Queda por comentar la mítiquísima escena de la ducha en la que Bernard Herrmann sólo necesitó dos violines, una viola y un chelo para destrozarnos los nervios. Durante casi tres minutos, vemos fundirse los planos de lo erótico/la muerte: Marion cierra los ojos, entreabre orgásmicamente la boca y hasta sonríe recorriéndose con las manos el cuello, las clavículas y los brazos mientras le resbala el agua por el blanquísimo cuerpo. Sólo a la misoginia más perturbada se le puede ocurrir la idea de hacer erótica una escena de insistente violencia (se pueden contar más de diez cuchilladas); el cuerpo deseado pasa a ser el cuerpo inerte (quizás también deseado): la boca entreabierta gozando la ducha es ahora la boca abierta para gritar mientras el falocuchillo penetra su carne. Este recrearse y regodearse en el cuerpo de Marion (cuyo rostro de expresión serena se desliza tranquilamente por la pared del baño mientras muere, ajeno completamente a la violencia que se le ha perpetrado) no tiene nada que ver con el apuñalamiento del detective, rápido, sin jolgorio ni regocijo, (obviamente el respetable señor iba vestido y no le goteaba lascivamente nada por el cuerpo) que cae por las escaleras sin erotismo ni gracia alguna. Sólo a las mujeres nos está reservada la muerte sexy. Al lado del impresionante apuñalamiento de Marion, la pequeña e insignificante muerte del detective Arbogast es fácilmente olvidable y pasa por la pantalla sin pena ni gloria.

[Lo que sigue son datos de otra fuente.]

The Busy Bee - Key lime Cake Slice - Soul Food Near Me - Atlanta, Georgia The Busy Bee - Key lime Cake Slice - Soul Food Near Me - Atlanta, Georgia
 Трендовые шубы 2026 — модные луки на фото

Alfred Hitchcock revolucionó el cine con sus movimientos de cámara y pasó a la historia como el maestro del suspense y el puto amo del thriller psicológico. Sin embargo, sólo tiró de clichés para conformar el personaje de Marion y el de la madre trastornada de Norman. Sabía, eso sí, que la maternidad patriarcal se performaba: la madre quedará performada para siempre en este clásico inolvidable por el (in)creíble Anthony Perkins.